▶ _EXERCISE DESCRIPTION_
Set down, please, exactly the lines below that run from the line with "KW Gewindefahrwerk V4" to the line with "Uko 08029, Barcelona", both lines included.

▶ _DATA FOR THIS EXERCISE_
________
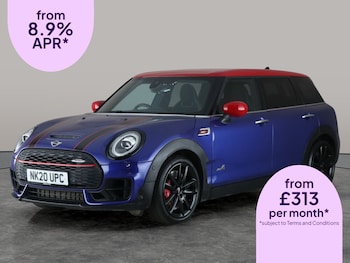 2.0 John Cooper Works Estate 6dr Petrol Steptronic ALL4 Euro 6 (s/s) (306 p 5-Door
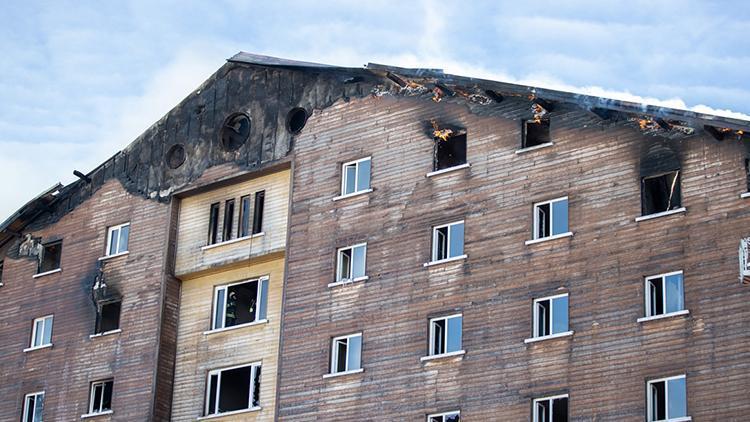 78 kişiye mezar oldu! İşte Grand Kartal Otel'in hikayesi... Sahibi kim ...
________
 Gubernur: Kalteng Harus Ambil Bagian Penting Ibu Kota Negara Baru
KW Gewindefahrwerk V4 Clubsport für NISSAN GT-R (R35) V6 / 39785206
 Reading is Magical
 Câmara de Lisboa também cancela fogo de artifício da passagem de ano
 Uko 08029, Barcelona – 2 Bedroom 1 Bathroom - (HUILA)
________
▶ _RESPONSE TO THE TASK_
KW Gewindefahrwerk V4 Clubsport für NISSAN GT-R (R35) V6 / 39785206
 Reading is Magical
 Câmara de Lisboa também cancela fogo de artifício da passagem de ano
 Uko 08029, Barcelona – 2 Bedroom 1 Bathroom - (HUILA)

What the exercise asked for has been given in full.